You can place this directly in your /boot/grub/grub.cfg file, but it will be temporary. A better long-term solution is to put that in /etc/grub.d/40_custom and then run update-grub. This will create a new entry that will (perhaps) work.

One complication is that you seem to be using Secure Boot. I'm not sure about the version of GRUB that ships with Ubuntu 12.04 (presumably 12.04.2, actually), but some versions of GRUB have problems launching Windows in EFI mode with Secure Boot active. Thus, the preceding solution might not work unless you disable Secure Boot. You'll need to rummage about in your firmware settings to find how to disable Secure Boot; the details vary greatly from one computer to another.

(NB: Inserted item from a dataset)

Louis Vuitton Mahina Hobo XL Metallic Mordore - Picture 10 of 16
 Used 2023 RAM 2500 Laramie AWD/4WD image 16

Even then, launching Windows from GRUB seems to be hit-or-miss; what works on one computer fails on another.

An entirely different option is to install rEFInd, which supplements or replaces GRUB. This also might require you to disable Secure Boot; and if you don't, you'll need to enroll rEFInd's key the first time you reboot; see rEFInd's Secure Boot documentation for details. (I'm assuming that Ubuntu 12.04.2 has an updated version of shim that supports MOKs. If it doesn't, Secure Boot becomes even trickier, since you'll need to install a new version of shim.) Ideally, though, simply installing the rEFInd Debian package should get things working correctly, especially if you first disable Secure Boot.